__Required action__:
Please take the lines from the one holding "a long wooden" through the one holding "Vice President Kamala" in the data below and copy them exactly.

━━ Dataset ━━

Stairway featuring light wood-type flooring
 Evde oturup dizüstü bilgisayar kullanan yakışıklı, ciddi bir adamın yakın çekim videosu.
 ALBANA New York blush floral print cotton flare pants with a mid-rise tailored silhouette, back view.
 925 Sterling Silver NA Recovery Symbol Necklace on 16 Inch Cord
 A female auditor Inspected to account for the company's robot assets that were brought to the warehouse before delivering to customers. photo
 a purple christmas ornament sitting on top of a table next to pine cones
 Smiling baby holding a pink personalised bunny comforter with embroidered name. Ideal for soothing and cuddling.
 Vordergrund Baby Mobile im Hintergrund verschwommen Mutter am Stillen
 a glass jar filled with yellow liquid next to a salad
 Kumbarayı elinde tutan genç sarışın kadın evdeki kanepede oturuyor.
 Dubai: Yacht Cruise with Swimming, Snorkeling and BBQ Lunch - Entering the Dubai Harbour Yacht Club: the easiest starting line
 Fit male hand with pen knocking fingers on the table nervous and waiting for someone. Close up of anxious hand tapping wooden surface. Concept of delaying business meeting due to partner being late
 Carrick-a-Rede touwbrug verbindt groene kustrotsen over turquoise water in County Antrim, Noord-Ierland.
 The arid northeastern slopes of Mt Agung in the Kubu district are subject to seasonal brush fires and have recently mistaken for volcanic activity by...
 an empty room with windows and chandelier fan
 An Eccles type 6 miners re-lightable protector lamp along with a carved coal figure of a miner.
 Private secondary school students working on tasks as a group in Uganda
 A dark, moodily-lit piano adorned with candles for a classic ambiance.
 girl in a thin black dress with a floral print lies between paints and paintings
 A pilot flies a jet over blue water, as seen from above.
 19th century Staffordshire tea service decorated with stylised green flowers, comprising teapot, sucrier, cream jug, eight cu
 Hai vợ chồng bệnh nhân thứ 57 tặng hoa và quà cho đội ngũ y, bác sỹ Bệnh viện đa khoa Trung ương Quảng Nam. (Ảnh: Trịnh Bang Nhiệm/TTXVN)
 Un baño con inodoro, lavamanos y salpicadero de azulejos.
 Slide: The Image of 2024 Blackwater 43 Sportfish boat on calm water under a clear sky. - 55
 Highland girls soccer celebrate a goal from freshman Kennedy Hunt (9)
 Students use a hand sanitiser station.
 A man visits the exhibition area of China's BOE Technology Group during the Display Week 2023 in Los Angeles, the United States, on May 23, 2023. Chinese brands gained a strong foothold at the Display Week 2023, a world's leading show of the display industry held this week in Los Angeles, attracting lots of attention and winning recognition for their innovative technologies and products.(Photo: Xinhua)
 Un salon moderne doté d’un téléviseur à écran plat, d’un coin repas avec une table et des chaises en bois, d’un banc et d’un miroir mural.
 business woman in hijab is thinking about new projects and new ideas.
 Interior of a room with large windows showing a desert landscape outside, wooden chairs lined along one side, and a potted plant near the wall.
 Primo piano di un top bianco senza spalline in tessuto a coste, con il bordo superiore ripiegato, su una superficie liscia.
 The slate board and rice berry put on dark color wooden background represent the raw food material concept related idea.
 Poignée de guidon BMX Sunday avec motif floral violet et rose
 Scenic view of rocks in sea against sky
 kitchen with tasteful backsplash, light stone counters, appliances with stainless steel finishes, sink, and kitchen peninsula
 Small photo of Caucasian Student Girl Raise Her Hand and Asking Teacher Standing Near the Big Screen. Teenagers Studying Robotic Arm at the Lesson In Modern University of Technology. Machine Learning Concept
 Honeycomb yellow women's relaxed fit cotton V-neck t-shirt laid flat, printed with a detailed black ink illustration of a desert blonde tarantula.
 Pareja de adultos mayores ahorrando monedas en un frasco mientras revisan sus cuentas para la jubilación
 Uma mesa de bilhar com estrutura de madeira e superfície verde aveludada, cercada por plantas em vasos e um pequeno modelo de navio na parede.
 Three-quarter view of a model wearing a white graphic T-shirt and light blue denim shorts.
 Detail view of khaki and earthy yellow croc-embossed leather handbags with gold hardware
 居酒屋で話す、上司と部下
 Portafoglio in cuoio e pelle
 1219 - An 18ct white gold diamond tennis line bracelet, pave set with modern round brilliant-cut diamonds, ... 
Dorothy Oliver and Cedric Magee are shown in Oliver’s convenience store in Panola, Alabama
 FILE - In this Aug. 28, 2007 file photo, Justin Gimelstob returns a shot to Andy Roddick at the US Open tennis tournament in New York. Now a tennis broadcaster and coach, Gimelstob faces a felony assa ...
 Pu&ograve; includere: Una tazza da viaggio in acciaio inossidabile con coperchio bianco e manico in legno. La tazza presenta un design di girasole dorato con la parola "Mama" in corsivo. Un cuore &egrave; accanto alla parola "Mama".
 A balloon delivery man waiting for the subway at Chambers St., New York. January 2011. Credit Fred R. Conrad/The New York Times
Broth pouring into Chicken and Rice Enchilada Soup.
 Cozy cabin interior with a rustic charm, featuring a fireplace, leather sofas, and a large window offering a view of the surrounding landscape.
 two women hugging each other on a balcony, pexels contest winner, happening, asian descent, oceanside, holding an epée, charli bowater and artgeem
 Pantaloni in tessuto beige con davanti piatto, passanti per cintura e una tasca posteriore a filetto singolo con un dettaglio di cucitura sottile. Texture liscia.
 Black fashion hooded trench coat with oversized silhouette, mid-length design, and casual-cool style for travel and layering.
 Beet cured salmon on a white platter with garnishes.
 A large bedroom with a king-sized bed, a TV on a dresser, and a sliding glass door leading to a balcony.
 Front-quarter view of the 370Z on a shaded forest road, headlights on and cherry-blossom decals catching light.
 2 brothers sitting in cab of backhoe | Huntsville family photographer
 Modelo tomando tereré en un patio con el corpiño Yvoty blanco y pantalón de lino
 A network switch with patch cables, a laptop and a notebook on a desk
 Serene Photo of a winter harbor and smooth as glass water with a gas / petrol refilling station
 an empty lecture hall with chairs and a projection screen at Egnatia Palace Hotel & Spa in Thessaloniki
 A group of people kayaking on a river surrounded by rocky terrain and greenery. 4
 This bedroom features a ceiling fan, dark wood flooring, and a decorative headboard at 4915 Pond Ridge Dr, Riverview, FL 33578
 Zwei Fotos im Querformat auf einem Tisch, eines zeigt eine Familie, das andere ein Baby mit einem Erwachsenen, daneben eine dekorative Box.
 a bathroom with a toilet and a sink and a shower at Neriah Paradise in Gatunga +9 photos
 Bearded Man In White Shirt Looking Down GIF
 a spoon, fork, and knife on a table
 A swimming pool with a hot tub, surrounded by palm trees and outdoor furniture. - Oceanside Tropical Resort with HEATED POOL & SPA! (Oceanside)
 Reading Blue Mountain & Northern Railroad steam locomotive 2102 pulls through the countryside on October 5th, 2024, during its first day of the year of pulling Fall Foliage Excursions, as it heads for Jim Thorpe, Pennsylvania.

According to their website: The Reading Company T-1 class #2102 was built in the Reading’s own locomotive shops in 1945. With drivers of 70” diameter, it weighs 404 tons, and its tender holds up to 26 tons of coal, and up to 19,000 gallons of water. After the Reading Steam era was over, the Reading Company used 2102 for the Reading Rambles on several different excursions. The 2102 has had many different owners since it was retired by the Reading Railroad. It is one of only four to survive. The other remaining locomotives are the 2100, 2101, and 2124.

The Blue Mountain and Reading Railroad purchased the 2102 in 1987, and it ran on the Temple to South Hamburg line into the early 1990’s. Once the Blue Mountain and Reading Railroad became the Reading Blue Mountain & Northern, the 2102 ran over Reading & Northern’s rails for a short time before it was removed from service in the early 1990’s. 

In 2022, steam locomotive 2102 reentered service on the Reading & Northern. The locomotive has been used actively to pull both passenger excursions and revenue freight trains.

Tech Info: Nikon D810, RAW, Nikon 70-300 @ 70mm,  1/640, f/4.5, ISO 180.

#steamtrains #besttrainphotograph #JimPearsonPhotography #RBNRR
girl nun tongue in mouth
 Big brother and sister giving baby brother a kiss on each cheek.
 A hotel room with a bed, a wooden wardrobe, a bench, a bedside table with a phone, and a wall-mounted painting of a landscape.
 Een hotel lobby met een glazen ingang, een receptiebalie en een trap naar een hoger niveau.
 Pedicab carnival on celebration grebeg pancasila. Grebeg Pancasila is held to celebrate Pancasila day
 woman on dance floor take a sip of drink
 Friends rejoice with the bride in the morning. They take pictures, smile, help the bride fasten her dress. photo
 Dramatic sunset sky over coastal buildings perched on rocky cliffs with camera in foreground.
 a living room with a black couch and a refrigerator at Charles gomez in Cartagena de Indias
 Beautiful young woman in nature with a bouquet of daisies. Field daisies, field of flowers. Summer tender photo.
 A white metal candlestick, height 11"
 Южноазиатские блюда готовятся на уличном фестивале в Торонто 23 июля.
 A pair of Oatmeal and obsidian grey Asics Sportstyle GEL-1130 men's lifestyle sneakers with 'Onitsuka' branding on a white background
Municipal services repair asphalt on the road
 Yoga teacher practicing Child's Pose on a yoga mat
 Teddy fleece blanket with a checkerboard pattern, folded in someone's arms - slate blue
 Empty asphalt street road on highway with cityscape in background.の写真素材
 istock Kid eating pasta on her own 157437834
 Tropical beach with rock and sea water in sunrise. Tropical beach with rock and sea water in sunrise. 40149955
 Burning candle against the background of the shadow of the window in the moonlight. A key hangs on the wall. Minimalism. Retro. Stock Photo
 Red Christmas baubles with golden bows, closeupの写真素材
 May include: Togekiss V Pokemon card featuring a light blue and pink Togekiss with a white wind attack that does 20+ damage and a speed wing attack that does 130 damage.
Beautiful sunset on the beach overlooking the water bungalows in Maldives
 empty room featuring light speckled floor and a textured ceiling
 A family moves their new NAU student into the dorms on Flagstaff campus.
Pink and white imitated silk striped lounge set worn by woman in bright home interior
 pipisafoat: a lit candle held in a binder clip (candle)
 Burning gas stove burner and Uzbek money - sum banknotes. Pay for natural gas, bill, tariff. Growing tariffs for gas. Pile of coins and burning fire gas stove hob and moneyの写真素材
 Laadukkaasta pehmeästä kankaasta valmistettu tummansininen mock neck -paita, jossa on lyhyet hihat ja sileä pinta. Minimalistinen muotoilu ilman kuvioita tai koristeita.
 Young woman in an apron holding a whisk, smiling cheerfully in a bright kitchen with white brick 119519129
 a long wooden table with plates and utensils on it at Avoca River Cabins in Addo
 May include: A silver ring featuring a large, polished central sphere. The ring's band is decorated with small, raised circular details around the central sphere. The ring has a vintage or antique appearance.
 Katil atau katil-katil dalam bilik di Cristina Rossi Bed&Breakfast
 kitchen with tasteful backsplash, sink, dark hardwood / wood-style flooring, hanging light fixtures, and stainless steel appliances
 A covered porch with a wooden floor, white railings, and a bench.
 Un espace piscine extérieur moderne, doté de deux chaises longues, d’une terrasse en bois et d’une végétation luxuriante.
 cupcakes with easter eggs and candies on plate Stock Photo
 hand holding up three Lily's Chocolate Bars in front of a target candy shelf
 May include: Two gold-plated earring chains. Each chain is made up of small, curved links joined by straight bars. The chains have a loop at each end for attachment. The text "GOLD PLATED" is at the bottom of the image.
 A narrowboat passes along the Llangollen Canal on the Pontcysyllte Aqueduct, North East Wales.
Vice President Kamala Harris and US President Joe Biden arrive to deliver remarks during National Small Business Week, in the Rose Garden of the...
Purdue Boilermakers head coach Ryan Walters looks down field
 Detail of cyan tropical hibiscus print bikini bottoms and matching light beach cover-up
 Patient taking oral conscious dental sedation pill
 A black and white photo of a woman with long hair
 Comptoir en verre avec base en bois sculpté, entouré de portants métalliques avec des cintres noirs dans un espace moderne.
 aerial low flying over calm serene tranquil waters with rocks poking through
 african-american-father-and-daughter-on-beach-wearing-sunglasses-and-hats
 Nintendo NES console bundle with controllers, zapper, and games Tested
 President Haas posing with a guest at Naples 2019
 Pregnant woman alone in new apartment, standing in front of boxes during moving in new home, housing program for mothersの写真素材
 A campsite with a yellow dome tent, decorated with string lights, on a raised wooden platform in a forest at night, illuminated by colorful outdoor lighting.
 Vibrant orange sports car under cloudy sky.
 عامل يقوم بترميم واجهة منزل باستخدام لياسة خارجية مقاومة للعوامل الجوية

━━━

__Worked solution__:
 a long wooden table with plates and utensils on it at Avoca River Cabins in Addo
 May include: A silver ring featuring a large, polished central sphere. The ring's band is decorated with small, raised circular details around the central sphere. The ring has a vintage or antique appearance.
 Katil atau katil-katil dalam bilik di Cristina Rossi Bed&Breakfast
 kitchen with tasteful backsplash, sink, dark hardwood / wood-style flooring, hanging light fixtures, and stainless steel appliances
 A covered porch with a wooden floor, white railings, and a bench.
 Un espace piscine extérieur moderne, doté de deux chaises longues, d’une terrasse en bois et d’une végétation luxuriante.
 cupcakes with easter eggs and candies on plate Stock Photo
 hand holding up three Lily's Chocolate Bars in front of a target candy shelf
 May include: Two gold-plated earring chains. Each chain is made up of small, curved links joined by straight bars. The chains have a loop at each end for attachment. The text "GOLD PLATED" is at the bottom of the image.
 A narrowboat passes along the Llangollen Canal on the Pontcysyllte Aqueduct, North East Wales.
Vice President Kamala Harris and US President Joe Biden arrive to deliver remarks during National Small Business Week, in the Rose Garden of the...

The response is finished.